• WHAT YOU SHOULD DO:
Start to finish, write out the entries exactly, leaving the pictures aside.

--- DATASET ---

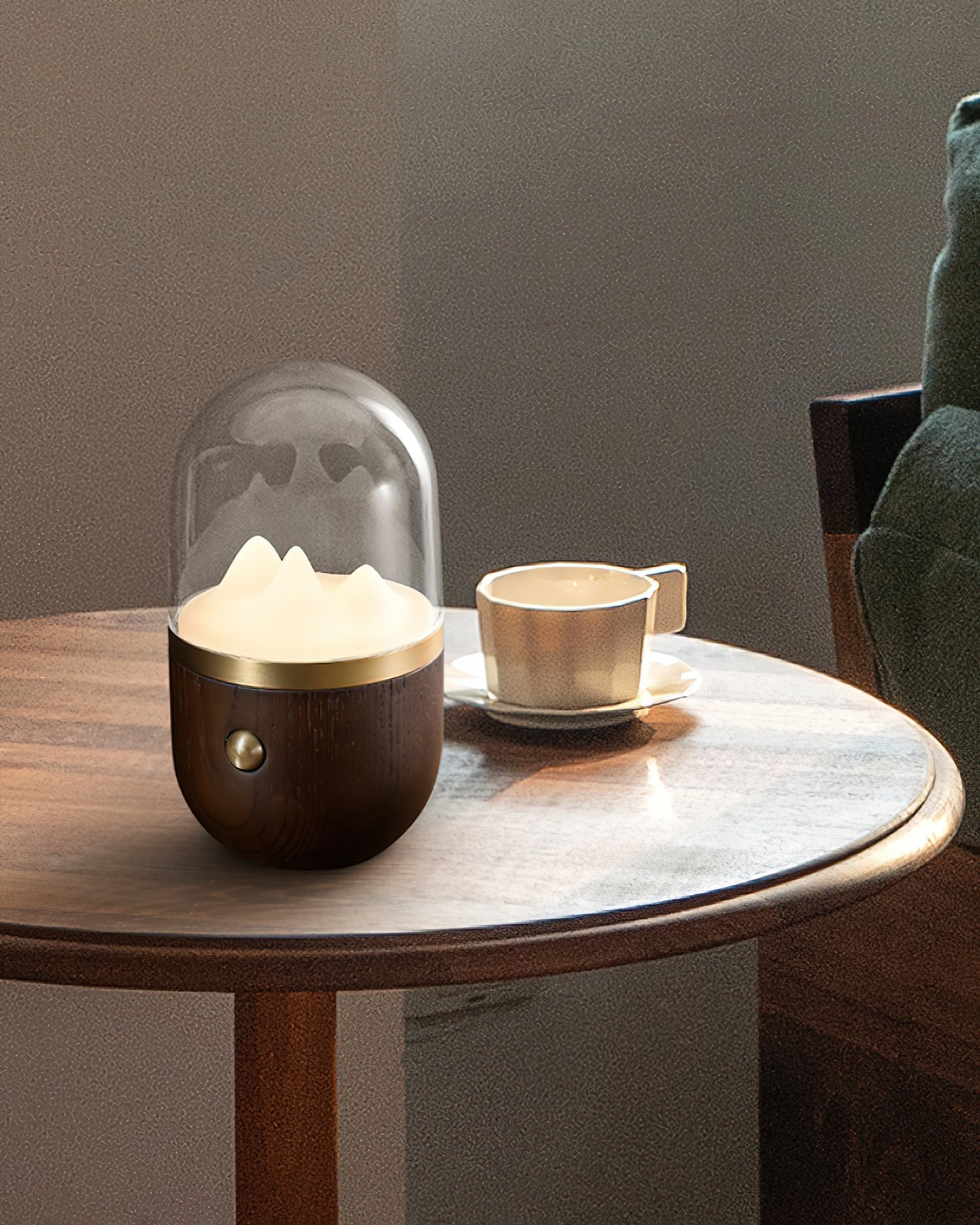 マウンテン ピーク ナイト テーブル ランプ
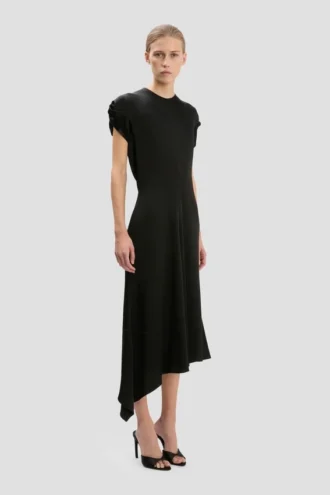 Vestido con hombros retorcidos en negro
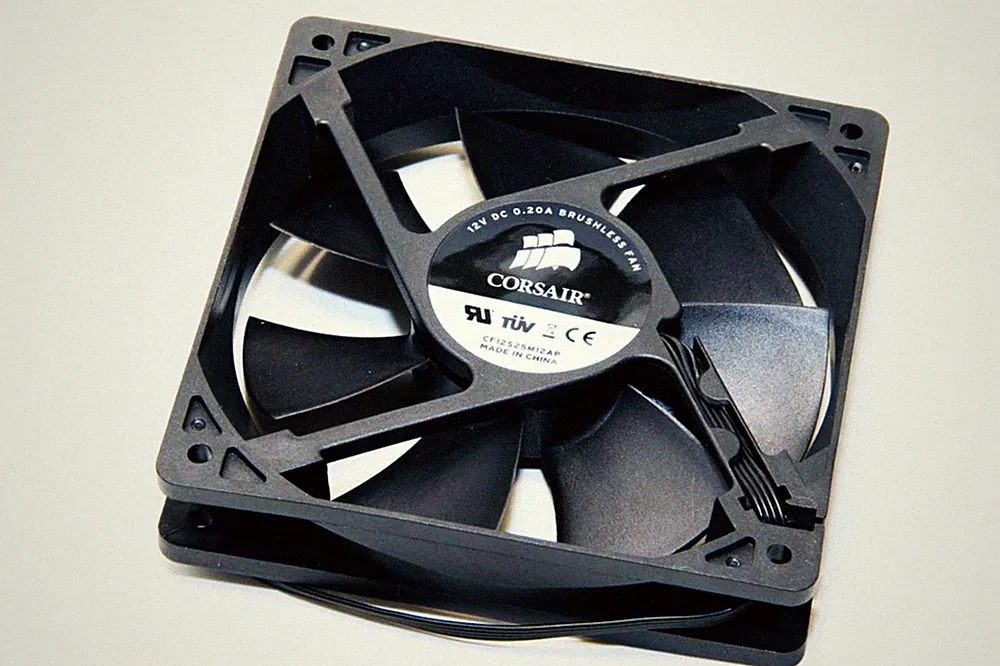 Corsair Gehäuse Lüfter Schwarz CPU-/ Wasserkühlung CF12S25M12AP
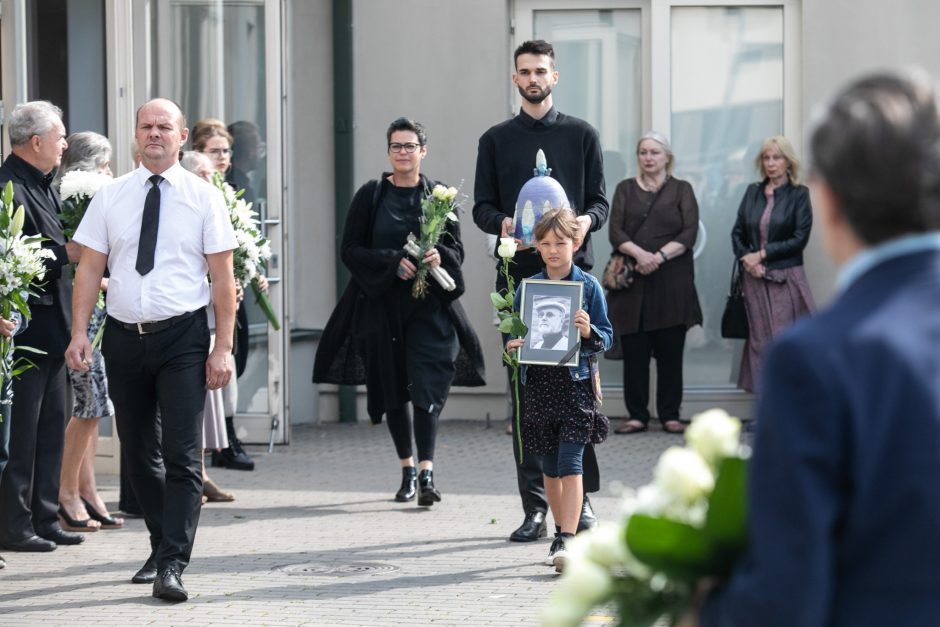 Į amžino poilsio vietą išlydėtas rašytojas R. Marčėnas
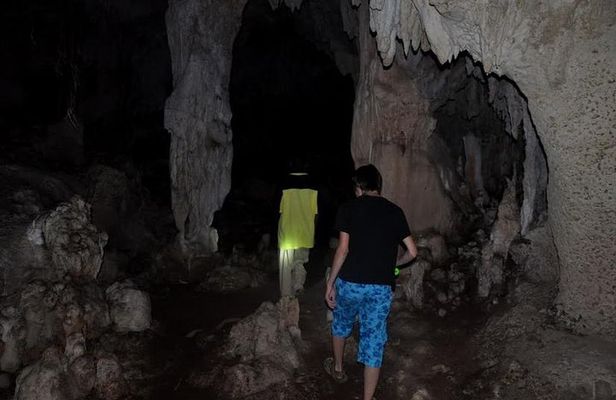 kiwengwa caves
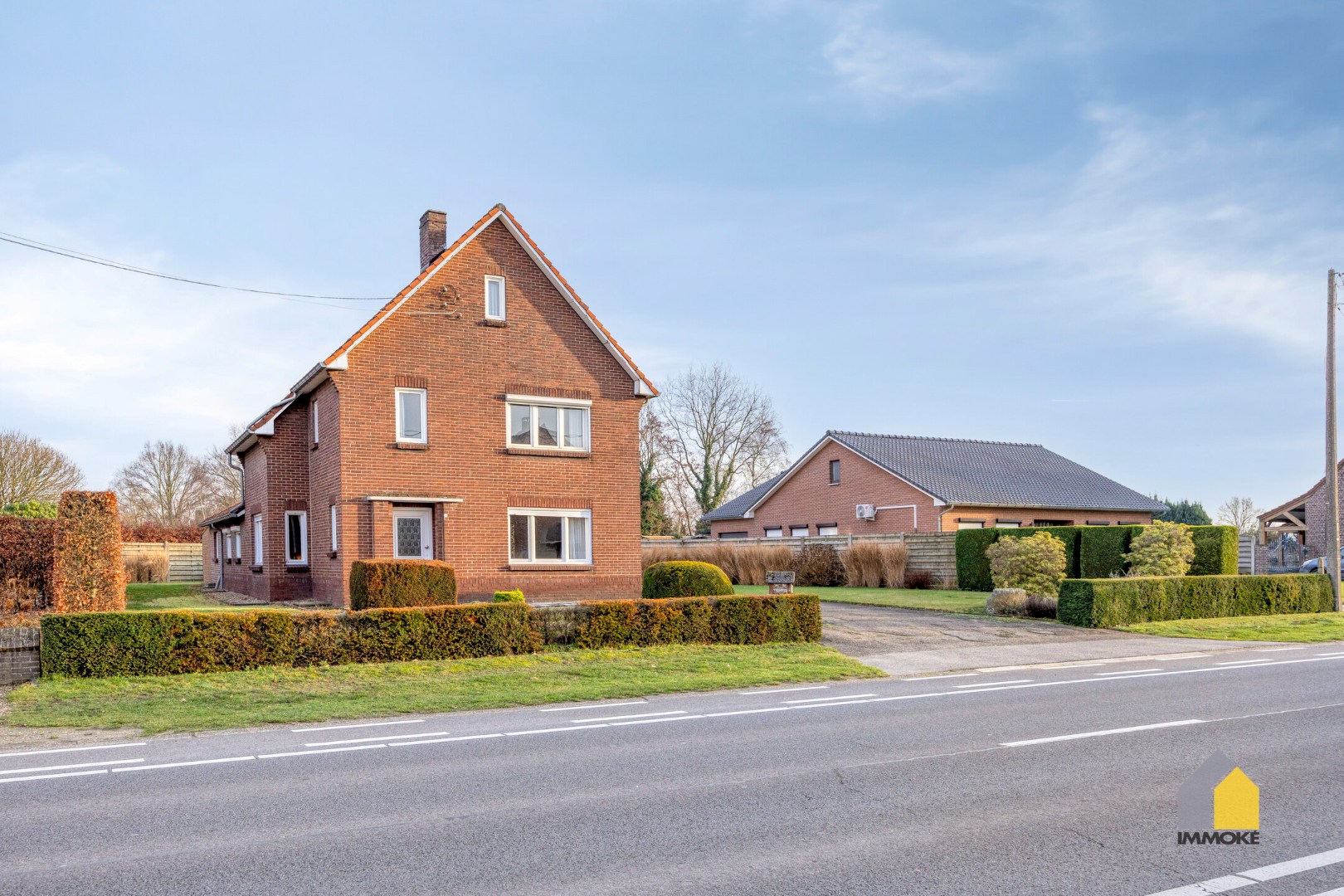 Op te frissen woning met 4 slpk op ruim perceel van 9 a 78 ca. 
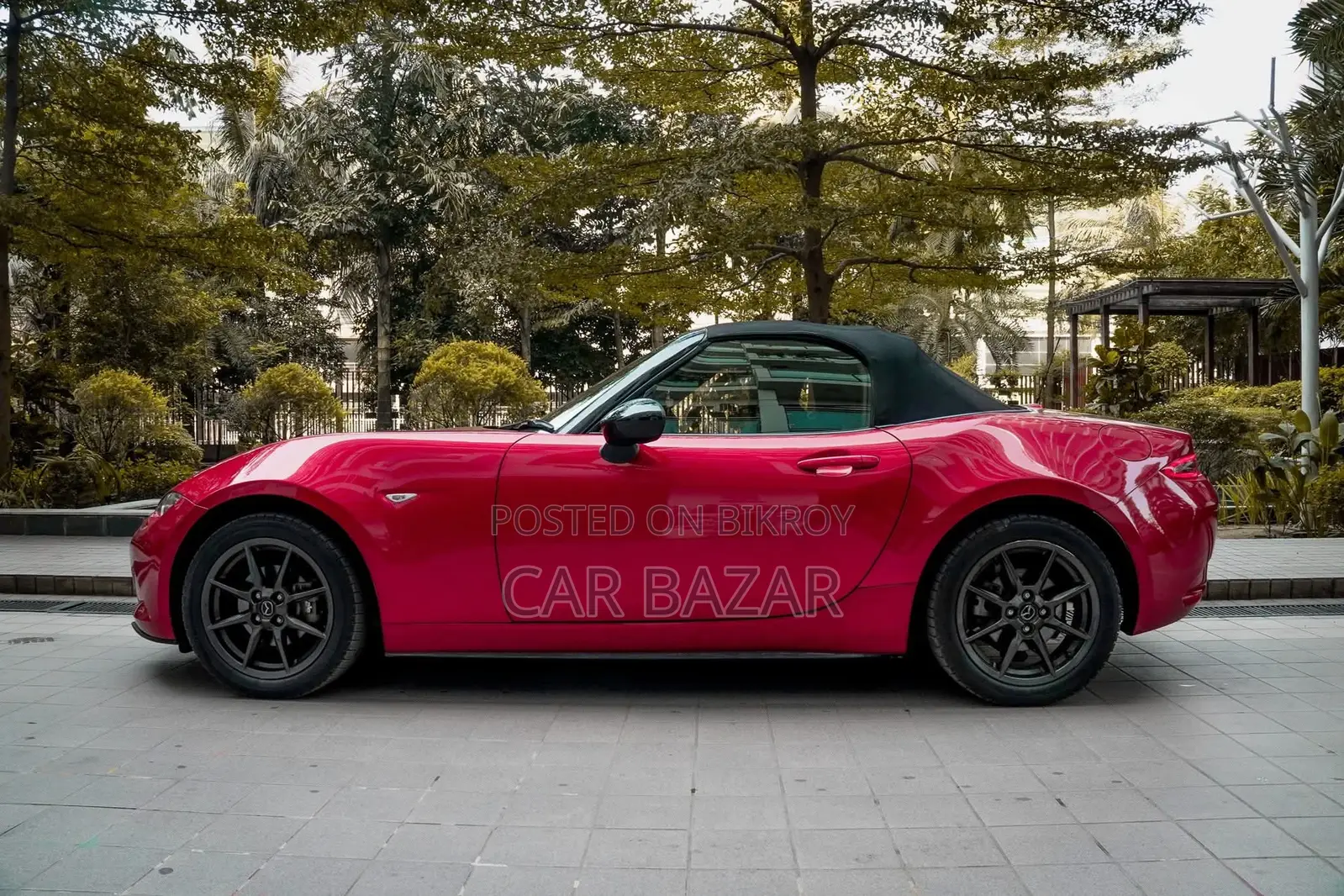 Mazda MX-5 Roadster Convertible 2016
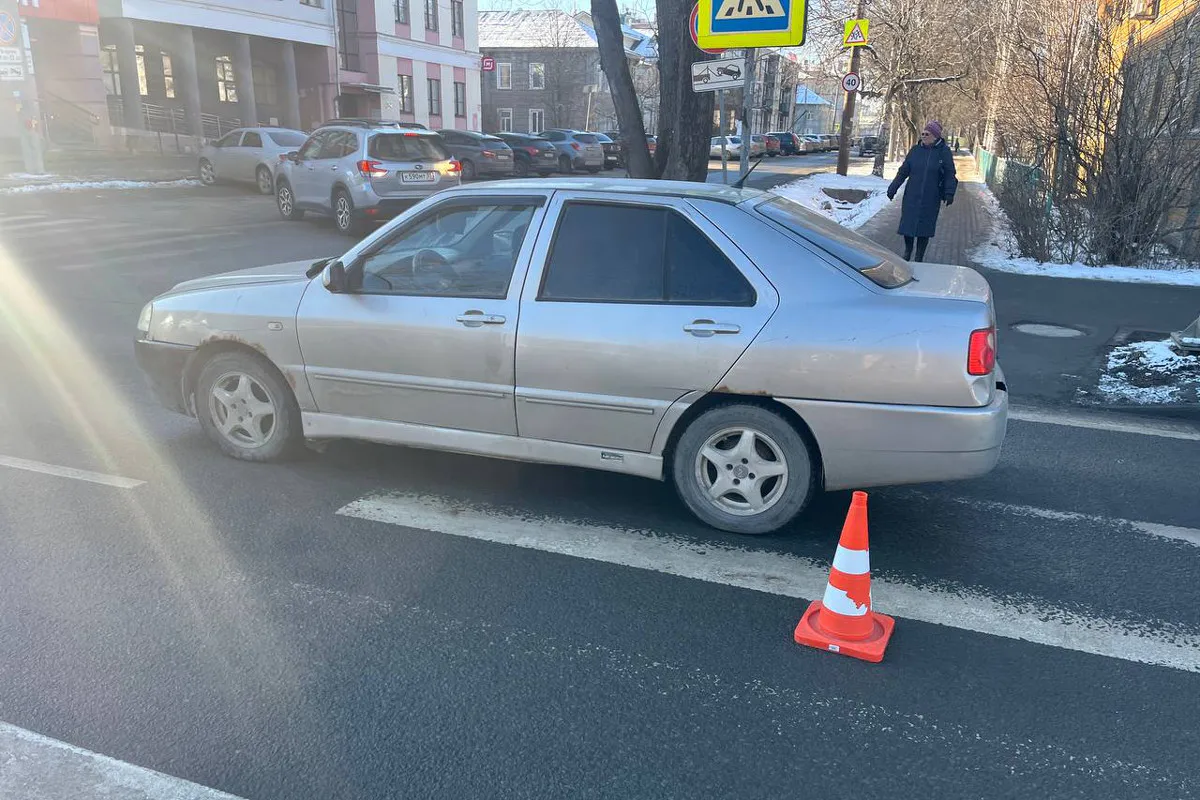 В Вологде пешеход попал на «зебре» под колеса иномарки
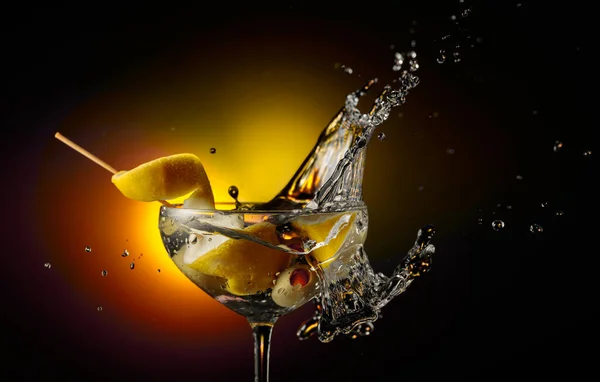 Martini Green Olives Lemon Splashes Dark Background — Stock Photo, Image
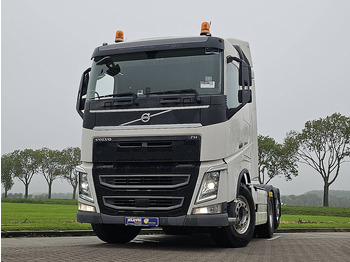 Vetopöytäauto VOLVO FH 500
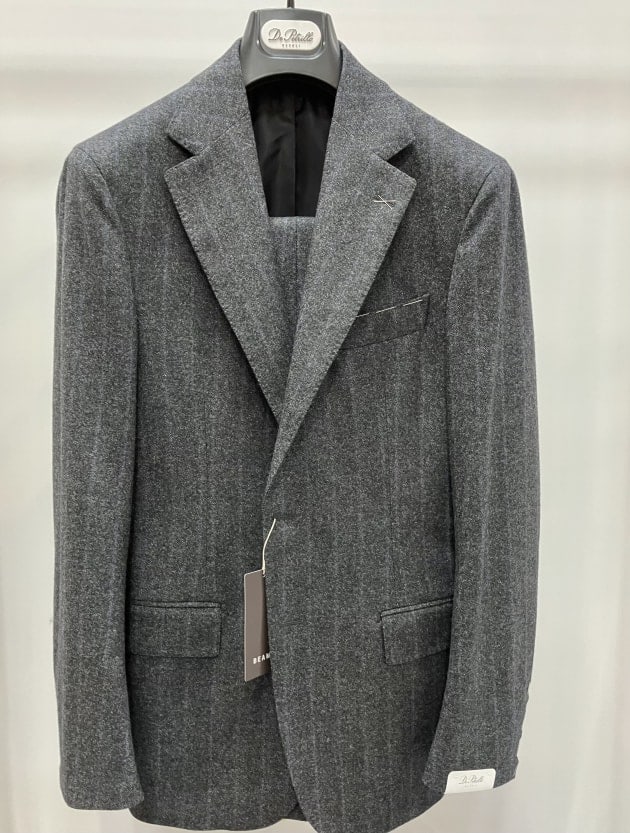 De Petrillo〉2024秋冬に注目したいストライプスーツの新作を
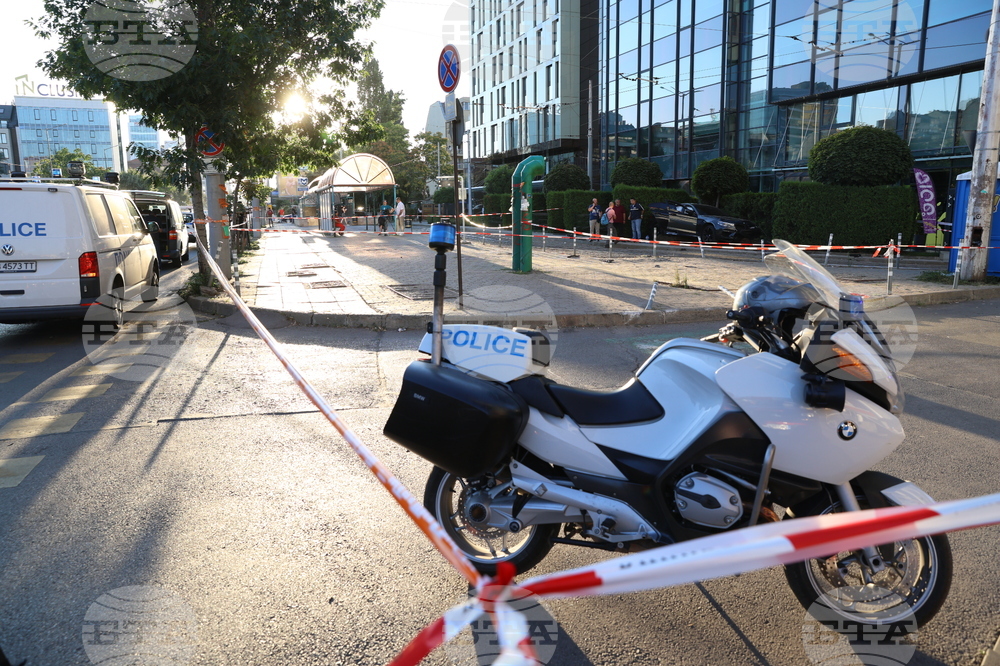 Автомобил е катастрофирал на бул. "Тодор Александров" в столицата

---

• RESULT:
 マウンテン ピーク ナイト テーブル ランプ
 Vestido con hombros retorcidos en negro
 Corsair Gehäuse Lüfter Schwarz CPU-/ Wasserkühlung CF12S25M12AP
 Į amžino poilsio vietą išlydėtas rašytojas R. Marčėnas
 kiwengwa caves
 Op te frissen woning met 4 slpk op ruim perceel van 9 a 78 ca. 
 Mazda MX-5 Roadster Convertible 2016
 В Вологде пешеход попал на «зебре» под колеса иномарки
 Martini Green Olives Lemon Splashes Dark Background — Stock Photo, Image
 Vetopöytäauto VOLVO FH 500
 De Petrillo〉2024秋冬に注目したいストライプスーツの新作を
 Автомобил е катастрофирал на бул. "Тодор Александров" в столицата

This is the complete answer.